(RECORD EXTRACTS Opens)

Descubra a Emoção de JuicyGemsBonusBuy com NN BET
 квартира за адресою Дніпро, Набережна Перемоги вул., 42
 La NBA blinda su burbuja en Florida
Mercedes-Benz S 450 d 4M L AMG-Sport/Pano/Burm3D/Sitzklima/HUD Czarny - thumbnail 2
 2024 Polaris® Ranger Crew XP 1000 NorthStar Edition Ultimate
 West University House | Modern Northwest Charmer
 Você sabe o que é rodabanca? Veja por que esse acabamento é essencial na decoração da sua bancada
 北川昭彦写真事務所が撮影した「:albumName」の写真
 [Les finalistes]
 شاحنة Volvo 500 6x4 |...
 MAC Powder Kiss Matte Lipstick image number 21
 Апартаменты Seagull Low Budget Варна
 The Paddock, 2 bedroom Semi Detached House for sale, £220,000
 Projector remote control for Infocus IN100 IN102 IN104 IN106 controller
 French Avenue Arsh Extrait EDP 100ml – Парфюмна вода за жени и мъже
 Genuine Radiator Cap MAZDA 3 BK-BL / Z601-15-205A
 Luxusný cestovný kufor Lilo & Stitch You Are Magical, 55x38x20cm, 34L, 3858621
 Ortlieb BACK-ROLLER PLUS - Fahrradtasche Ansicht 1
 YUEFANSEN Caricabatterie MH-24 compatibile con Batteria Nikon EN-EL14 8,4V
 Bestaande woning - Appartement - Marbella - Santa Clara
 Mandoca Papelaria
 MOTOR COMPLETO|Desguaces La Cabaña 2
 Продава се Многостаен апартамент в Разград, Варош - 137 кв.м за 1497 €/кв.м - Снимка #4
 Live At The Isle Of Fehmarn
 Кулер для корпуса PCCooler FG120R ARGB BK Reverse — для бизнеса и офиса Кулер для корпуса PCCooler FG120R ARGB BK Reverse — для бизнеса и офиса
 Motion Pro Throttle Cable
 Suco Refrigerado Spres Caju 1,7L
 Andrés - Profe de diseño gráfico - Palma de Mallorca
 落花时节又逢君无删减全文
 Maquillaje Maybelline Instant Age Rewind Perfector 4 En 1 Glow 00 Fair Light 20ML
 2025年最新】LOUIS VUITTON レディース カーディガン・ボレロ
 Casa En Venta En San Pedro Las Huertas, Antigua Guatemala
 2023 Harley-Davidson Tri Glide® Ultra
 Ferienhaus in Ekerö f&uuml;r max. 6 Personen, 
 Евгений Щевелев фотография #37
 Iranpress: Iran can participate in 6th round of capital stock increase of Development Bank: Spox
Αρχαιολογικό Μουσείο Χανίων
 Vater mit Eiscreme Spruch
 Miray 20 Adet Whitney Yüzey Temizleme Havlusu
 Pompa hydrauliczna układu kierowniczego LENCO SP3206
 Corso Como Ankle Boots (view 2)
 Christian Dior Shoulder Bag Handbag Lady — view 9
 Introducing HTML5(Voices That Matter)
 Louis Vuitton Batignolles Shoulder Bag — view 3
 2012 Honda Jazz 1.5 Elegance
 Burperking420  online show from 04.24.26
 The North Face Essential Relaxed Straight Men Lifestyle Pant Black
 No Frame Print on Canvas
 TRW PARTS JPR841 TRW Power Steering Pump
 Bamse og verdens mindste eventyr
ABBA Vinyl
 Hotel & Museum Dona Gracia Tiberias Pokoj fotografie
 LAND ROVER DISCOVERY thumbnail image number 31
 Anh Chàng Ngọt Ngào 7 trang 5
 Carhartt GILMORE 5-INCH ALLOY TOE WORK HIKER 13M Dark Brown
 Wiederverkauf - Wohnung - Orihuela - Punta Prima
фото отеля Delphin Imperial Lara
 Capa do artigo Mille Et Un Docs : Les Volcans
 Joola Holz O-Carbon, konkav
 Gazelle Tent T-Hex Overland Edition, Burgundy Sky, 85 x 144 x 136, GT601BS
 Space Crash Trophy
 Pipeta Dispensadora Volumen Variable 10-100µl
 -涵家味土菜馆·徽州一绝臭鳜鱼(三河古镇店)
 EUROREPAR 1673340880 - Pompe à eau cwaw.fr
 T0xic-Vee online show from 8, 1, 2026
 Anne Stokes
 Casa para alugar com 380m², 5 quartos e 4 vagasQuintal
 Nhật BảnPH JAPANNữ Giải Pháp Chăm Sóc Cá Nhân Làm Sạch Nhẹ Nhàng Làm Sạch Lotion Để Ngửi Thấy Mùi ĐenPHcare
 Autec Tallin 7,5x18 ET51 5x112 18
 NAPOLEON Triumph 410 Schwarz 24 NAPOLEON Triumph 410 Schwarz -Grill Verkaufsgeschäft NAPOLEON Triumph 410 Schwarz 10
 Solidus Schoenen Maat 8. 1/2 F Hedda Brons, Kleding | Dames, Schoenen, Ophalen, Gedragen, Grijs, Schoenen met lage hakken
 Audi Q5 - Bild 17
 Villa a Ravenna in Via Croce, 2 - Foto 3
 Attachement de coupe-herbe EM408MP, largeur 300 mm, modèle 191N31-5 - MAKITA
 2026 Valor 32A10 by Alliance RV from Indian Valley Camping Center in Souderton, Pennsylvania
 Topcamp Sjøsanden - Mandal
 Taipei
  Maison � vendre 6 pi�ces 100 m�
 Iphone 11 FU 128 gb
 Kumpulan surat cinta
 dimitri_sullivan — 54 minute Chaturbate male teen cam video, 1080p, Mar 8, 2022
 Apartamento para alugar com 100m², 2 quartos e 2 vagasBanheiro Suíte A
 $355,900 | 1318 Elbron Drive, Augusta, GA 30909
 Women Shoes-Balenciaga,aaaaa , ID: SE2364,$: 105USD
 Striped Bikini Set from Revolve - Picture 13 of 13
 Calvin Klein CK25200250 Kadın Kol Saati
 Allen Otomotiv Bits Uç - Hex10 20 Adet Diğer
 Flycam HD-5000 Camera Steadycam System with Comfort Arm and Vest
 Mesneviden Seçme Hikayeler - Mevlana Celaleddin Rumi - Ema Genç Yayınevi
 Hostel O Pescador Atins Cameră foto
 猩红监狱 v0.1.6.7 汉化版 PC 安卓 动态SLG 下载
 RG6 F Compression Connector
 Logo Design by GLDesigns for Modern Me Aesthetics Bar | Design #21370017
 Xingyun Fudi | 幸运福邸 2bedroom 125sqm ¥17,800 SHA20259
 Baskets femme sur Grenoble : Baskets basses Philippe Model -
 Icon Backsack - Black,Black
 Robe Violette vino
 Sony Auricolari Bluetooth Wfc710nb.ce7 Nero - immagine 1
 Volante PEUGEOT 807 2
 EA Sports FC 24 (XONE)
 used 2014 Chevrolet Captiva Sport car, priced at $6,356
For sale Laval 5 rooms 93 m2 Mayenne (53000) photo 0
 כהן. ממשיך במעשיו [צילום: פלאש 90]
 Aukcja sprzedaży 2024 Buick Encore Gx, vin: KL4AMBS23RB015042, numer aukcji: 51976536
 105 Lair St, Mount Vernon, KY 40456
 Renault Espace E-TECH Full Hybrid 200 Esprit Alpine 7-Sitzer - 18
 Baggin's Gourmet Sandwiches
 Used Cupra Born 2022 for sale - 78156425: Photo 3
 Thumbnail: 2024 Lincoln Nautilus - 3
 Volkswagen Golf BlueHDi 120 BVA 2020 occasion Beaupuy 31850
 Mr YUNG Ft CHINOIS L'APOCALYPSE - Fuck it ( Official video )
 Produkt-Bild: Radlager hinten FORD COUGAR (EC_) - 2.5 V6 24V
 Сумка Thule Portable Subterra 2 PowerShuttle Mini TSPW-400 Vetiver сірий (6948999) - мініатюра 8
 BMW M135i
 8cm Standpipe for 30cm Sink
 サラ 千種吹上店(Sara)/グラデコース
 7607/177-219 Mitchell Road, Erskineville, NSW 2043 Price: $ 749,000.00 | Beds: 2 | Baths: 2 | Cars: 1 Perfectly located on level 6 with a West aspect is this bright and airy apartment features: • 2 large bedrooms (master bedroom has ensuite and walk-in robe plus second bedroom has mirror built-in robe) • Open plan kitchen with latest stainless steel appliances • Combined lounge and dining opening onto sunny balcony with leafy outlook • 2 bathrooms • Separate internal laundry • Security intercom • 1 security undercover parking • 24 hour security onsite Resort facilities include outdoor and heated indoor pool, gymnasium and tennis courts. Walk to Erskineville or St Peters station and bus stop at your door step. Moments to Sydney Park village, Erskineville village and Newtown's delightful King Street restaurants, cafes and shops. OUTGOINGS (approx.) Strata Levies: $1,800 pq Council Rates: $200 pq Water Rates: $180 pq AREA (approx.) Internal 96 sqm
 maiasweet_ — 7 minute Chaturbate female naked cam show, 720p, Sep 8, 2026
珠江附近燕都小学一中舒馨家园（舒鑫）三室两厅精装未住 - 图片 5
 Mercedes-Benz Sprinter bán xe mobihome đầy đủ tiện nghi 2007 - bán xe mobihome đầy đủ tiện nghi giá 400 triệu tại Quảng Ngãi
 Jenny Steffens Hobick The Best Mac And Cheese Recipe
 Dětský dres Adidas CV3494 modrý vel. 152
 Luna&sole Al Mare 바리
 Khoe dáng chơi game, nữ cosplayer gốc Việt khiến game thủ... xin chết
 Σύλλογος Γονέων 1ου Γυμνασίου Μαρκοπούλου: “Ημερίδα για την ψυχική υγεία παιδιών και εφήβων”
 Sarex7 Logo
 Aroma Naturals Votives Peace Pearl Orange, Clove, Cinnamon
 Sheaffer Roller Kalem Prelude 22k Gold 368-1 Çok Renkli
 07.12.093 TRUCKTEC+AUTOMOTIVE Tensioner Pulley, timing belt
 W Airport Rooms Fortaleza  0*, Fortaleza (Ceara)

(RECORD EXTRACTS Closes)

Everything from the first line of the records through the line containing "Genuine Radiator Cap" is to be set down exactly, while later lines are left out.

Descubra a Emoção de JuicyGemsBonusBuy com NN BET
 квартира за адресою Дніпро, Набережна Перемоги вул., 42
 La NBA blinda su burbuja en Florida
Mercedes-Benz S 450 d 4M L AMG-Sport/Pano/Burm3D/Sitzklima/HUD Czarny - thumbnail 2
 2024 Polaris® Ranger Crew XP 1000 NorthStar Edition Ultimate
 West University House | Modern Northwest Charmer
 Você sabe o que é rodabanca? Veja por que esse acabamento é essencial na decoração da sua bancada
 北川昭彦写真事務所が撮影した「:albumName」の写真
 [Les finalistes]
 شاحنة Volvo 500 6x4 |...
 MAC Powder Kiss Matte Lipstick image number 21
 Апартаменты Seagull Low Budget Варна
 The Paddock, 2 bedroom Semi Detached House for sale, £220,000
 Projector remote control for Infocus IN100 IN102 IN104 IN106 controller
 French Avenue Arsh Extrait EDP 100ml – Парфюмна вода за жени и мъже
 Genuine Radiator Cap MAZDA 3 BK-BL / Z601-15-205A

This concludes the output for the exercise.